Resonate by Nancy Duarte

I heard about this one at a conference I attended and it survived the resistance I intentionally place in the path of any “must-read” business book that is flung my way.

Let me explain.

I go to a lot of conferences. I listen to a lot of speakers. I’m an active blogger. There is no shortage of “must-read” business books that get recommended to me through those channels. And for a time, I gobbled them up. I love to read, after all. What could be better than earning an informal MBA by reading all these wonderful books?

Well, the reality is that not many of these books are truly wonderful. Most of them are kind of average, and some of them are downright dangerous. A friend of mine once said that the useful ideas in most business books can typically fit into no more than a 10-page white paper. In other words, every business book on the planet is really a 10-page white paper blown up to fill the 250 pages that makes its printing scalable and profitable for the publisher. And the best of those business books will actually give you the 10-pager as its executive summary.

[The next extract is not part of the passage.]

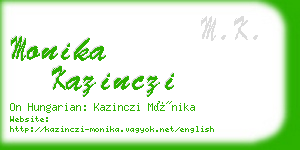 monika kazinczi business card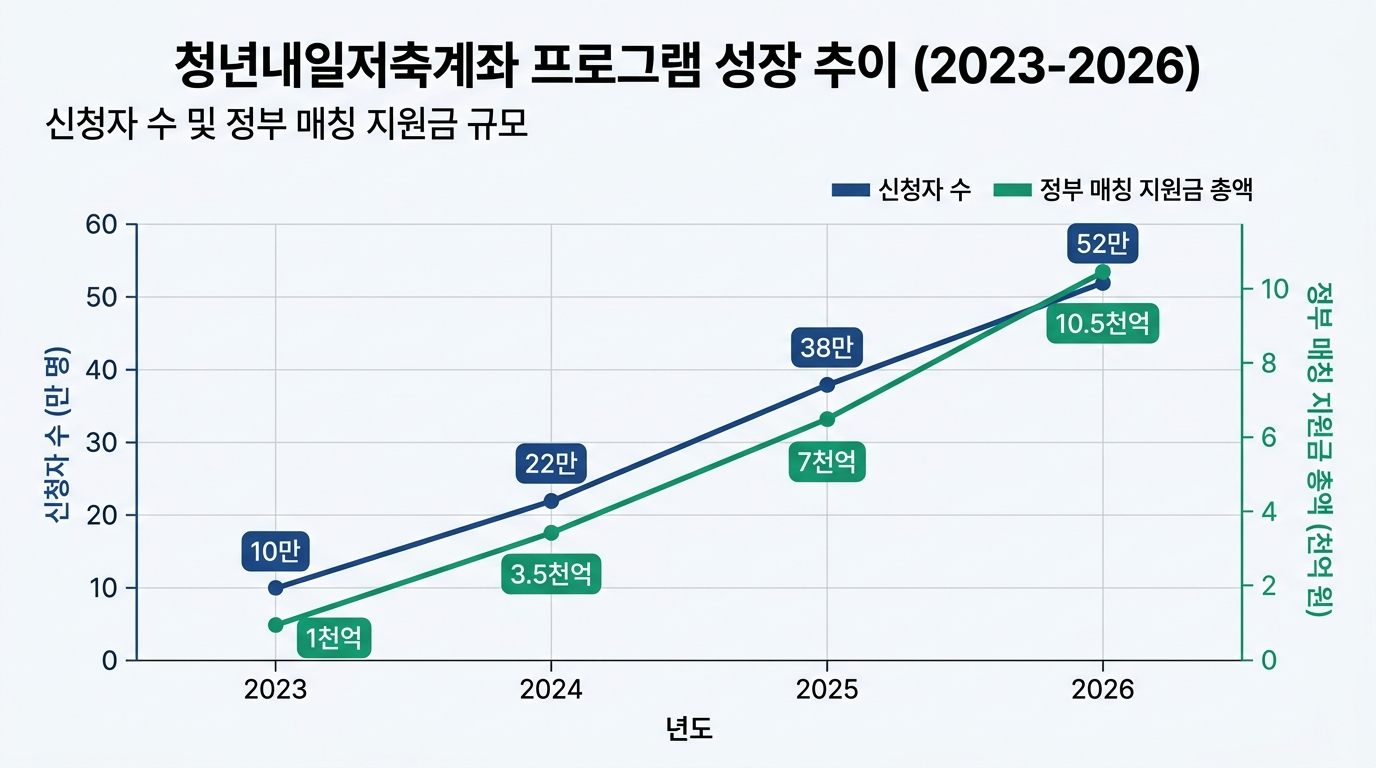청년내일저축계좌 연도별 성장 추이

So I built some intentional resistance to the excitement I still feel when a “must-read” business book is recommended to me. Wow. That sounds great. That sounds like exactly what I need. I got the get that one. When those thoughts start flowing through my brain I force myself to put on the brakes. Wait. Am I really going to read it? Or is it going to sit on my shelf getting dusty because I have 200 other books ahead of it that I would probably prefer to read? Is this one likely to have something specific within it that I can actually leverage in the real world?

Well, obviously Resonate made it through this filter. Its subtitle is “Present Visual Stories That Transform Audiences,” and it was recommended for any professional who wants to improve the impact of their presentations. That certainly describes me.

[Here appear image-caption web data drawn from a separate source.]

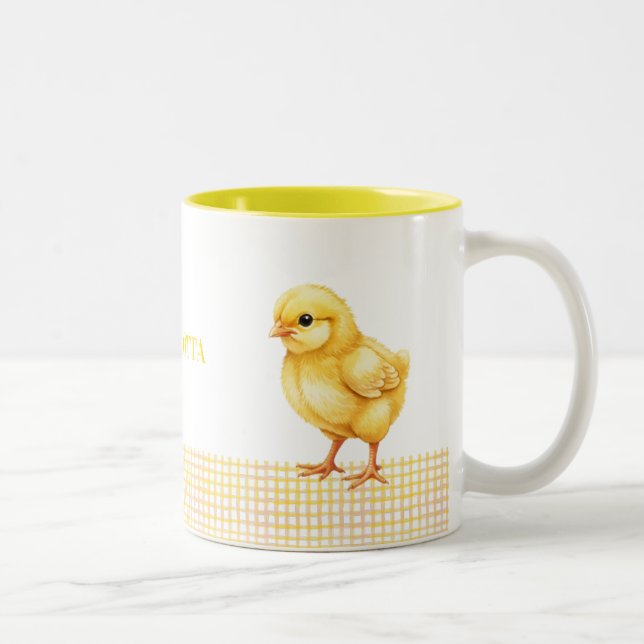 Personalized Farm Animal Mug – Cute Chick Design Zweifarbige Tasse (Rechts)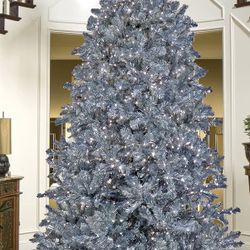 9ft Silver Christmas Tree. Pre Lit
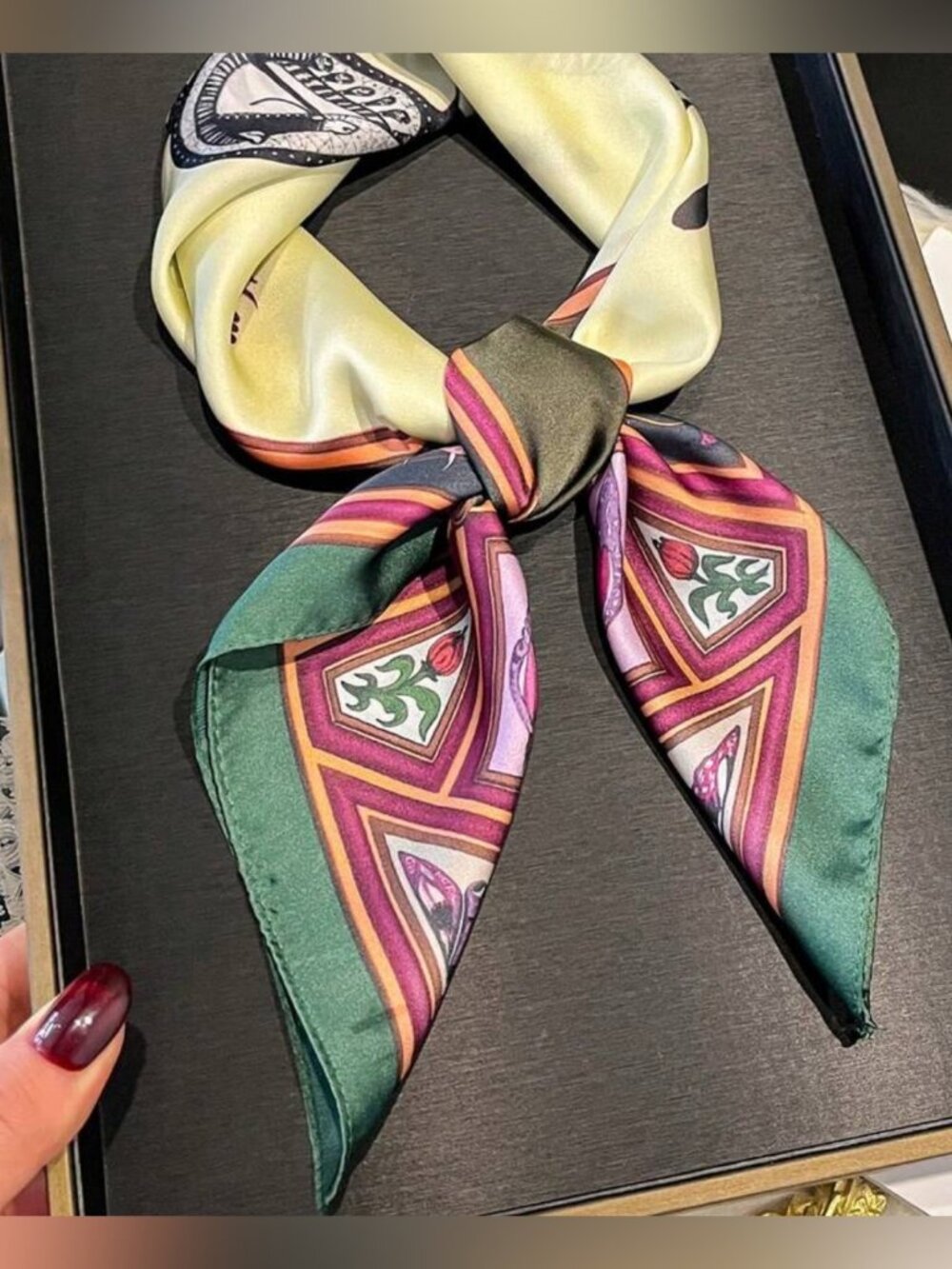 Zebra Print Scarf in Green Pink Cream N1496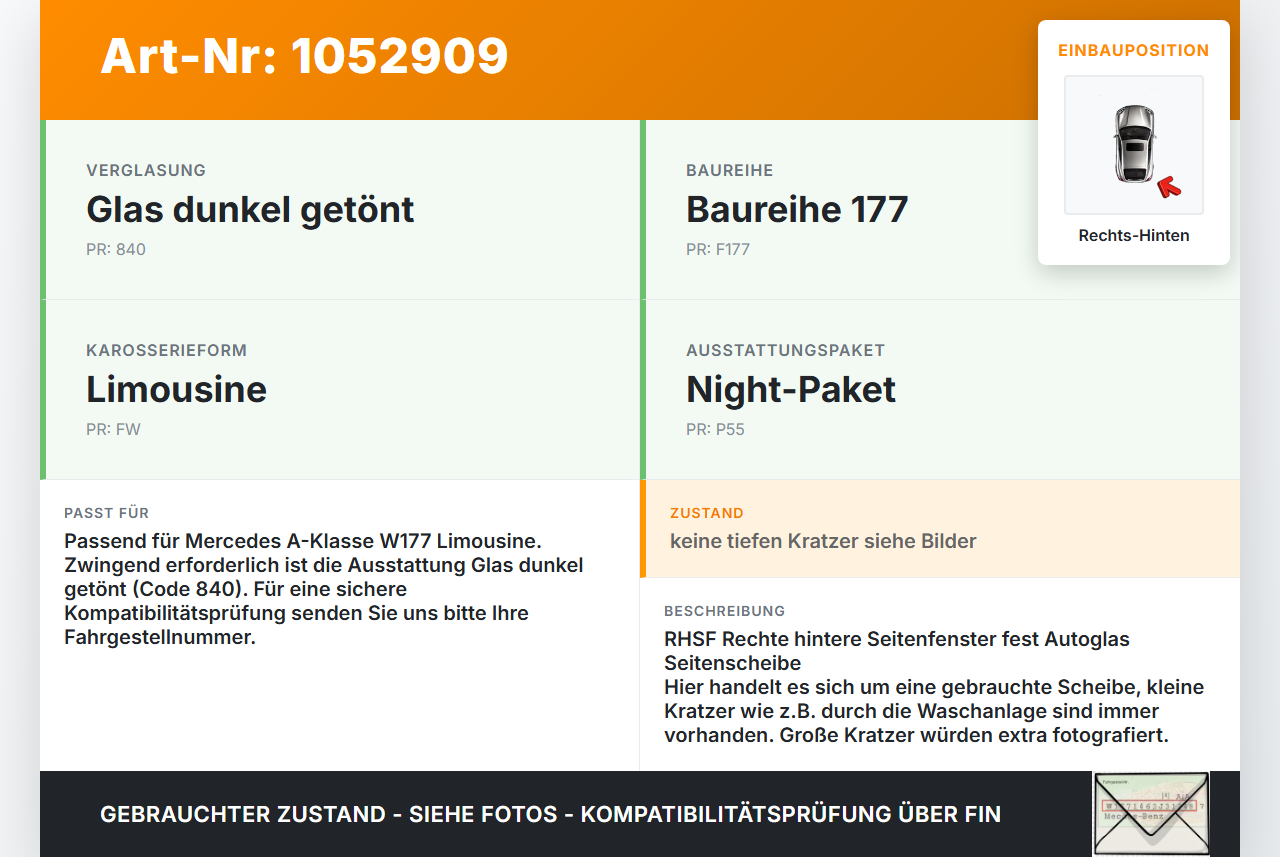 Mercedes W177 A200d 18-22 Lim Seitenscheibe Feste Scheibe Rechts Hinten Mercedes W177 A200d 18-22 12.07.2019... Vorschau 3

Now, there is no 10-page executive summary in Resonate, but there were some useful ideas that I think I can actually do something with. Here’s my own recap.

The Audience Is The Hero

The objective of any presentation is to evoke a specific action by the members of the audience. That objective is undermined by any presentation that focuses too much on the presenter or the organization that the presenter represents.

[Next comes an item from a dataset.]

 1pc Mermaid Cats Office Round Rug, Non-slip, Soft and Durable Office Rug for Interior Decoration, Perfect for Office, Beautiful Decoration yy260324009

When you’re presenting, instead of showing up with an arrogant attitude that “it’s all about me,” your stance should be a humble “it’s all about them.” Remember, the success of you and your firm is dependent on them, not the other way around. You need them.

So what’s your role then? You are the mentor. You’re Yoda, not Luke Skywalker. The audience is the one who’ll do all the heavy lifting to help you reach your objectives. You’re simply one voice helping them get unstuck in their journey.

The book goes into a lot of unnecessary detail about what a Hero is (thematically and, yes, mythologically speaking), including several pages on the 12-step “Hero’s Journey” that dramatists from Homer to George Lucas have used to structure their compelling stories.

That’s neat, but a little much for my needs. There is one core idea buried in that journey, however, that is worth focusing on, and which Duarte summarizes next.

The Presentation Form

Presentations should have a clear beginning, middle, and end. Two clear turning points in a presentation’s structure guide the audience through the content and distinctively separate the beginning from the middle and the middle from the end. The first is the call to adventure -- this should show the audience a gap between what is and what could be -- jolting the audience from complacency. When effectively constructed -- an imbalance is created -- the audience will want your presentation to resolve this imbalance. The second turning point is the call to action, which identifies what the audience needs to do or how they need to change. This second turning point signifies that you’re coming to the presentation’s conclusion.


Notice how the middle moves up and down as if something new is happening continually. This back and forth structural motion pushes and pulls the audience to feel as if events are constantly unfolding. An audience will stay engaged as you unwrap ideas and perspectives frequently.

Each presentation concludes with a vivid description of the new bliss that’s created when your audience adopts your proposed idea. But notice that the presentation form doesn’t stop at the end of the presentation. Presentations are meant to persuade so there is also a subsequent action (or crossing the threshold) the audience is to do once they leave the presentation.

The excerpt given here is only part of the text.